Le commandement de payer du 24 novembre 2024 visant la clause résolutoire porte sur une somme de 5 219.39 euros en principal.
Ce décompte inclut des charges, lesquelles, conformément au bail, devaient être provisionnées tous les mois et devaient donner lieu à une régularisation annuelle.
Or le décompte ne permet pas de déterminer précisément le montant des charges dont madame [W] était redevable au cours de la période considérée soit du mois novembre 2015 au mois de novembre 2022 inclus.
En effet, non seulement la Cour ne peut déterminer le montant de la provision mensuelle sur charges, mais encore elle n’a pas connaissance des justificatifs de régularisation annuelle, ainsi elle ne peut constater que les montants portés au décompte sans que le bailleur, à qui incombe la charge de la preuve, ne lui permette de procéder à aucune vérification.
Si des « trop versé » sur charges apparaissent sur ce décompte pour les années 2016, 2017, 2018, 2019, 2021 et viennent en déduction de la dette locative, il n’en demeure pas moins qu’en l’absence des justificatifs sollicités, il est impossible de déterminer la régularité de ces opérations et donc de déterminer le montant exact de la dette locative à ce titre.
Pour le surplus et s’agissant des loyers, le quittancement au cours de la période considérée permet de constater une évolution progressive du loyer passant de 375.21 euros en novembre 2015 à plus ou moins 403.02 euros en août 2019, il apparaît qu’en 2020 une somme de 1498.61 est sollicitée à ce titre et ce pour les loyers de janvier, février et mars, avant de revenir à une somme d’un peu plus de 402 euros en septembre 2022, laquelle sera augmenté de plus de 46 euros en octobre, novembre de la même année pour atteindre 603.31 euros en décembre, avant de diminuer à nouveau.
Var Habitat produit, en cause d’appel, un décompte locatif postérieur à la délivrance du dit commandement selon lequel viendrait en déduction des sommes sollicitées au titre d’un surloyer. Il admet ainsi l’existence d’un surloyer et que la somme de 3 196.05 euros n’était pas due.

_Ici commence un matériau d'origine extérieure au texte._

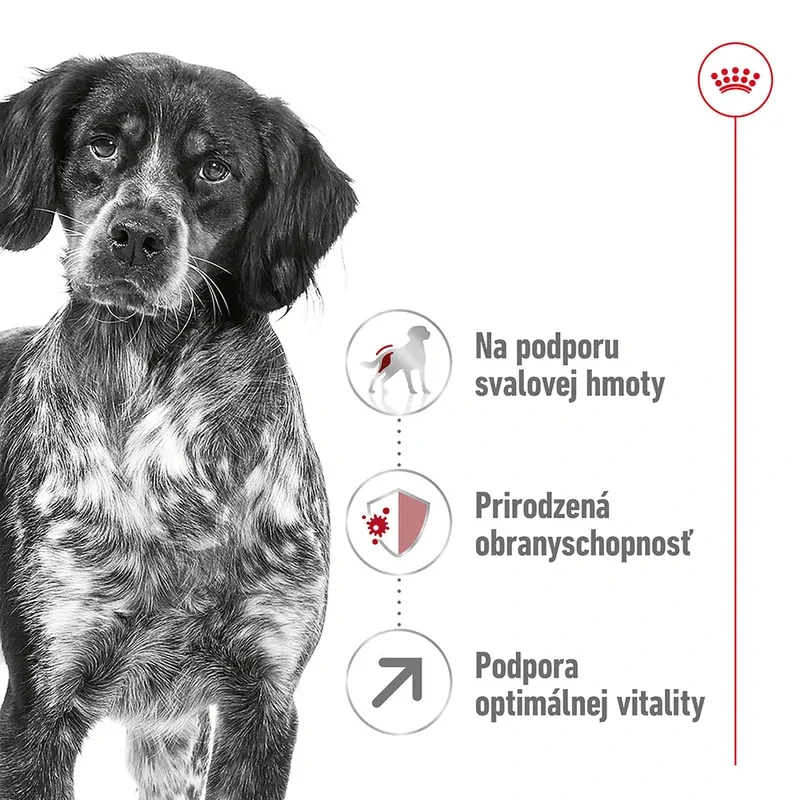 ROYAL CANIN Medium Adult 7+ Granule pre dospelé starnúce stredné psy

L’absence de précision dans le décompte joint au commandement du montant des provisions sur charge, du montant du surloyer pratiqué, au cours de la période considérée, les fluctuations, d’un loyer initialement fixé à la somme de 230.74 euros hors charges et hors impôts, révisable selon convention signée entre l’Etat et l’organisme public, l’absence de justificatifs de régularisation annuelle des charges, comme l’absence de déduction, avant même la délivrance du commandement, des sommes demandées au titre d’un surloyer, ne permettent pas à la cour de déterminer, avec l’évidence requise en référé, l’existence d’une dette locative au jour de la délivrance du commandement de payer.
Il s’ensuit le rejet des demandes présentées par Var Habitat au titre de la résiliation du bail et l’infirmation de l’ordonnance entreprise de ces chefs.
Sur l’article 700 du code de procédure civile et les dépens
Var Habitat, succombant en appel, il y a lieu d’infirmer l’ordonnance entreprise en ce qu’elle a condamné madame [W] aux dépens, tout en la condamnant à verser à Var Habitat la somme de 500 euros au titre de l’article 700 du code de procédure civile.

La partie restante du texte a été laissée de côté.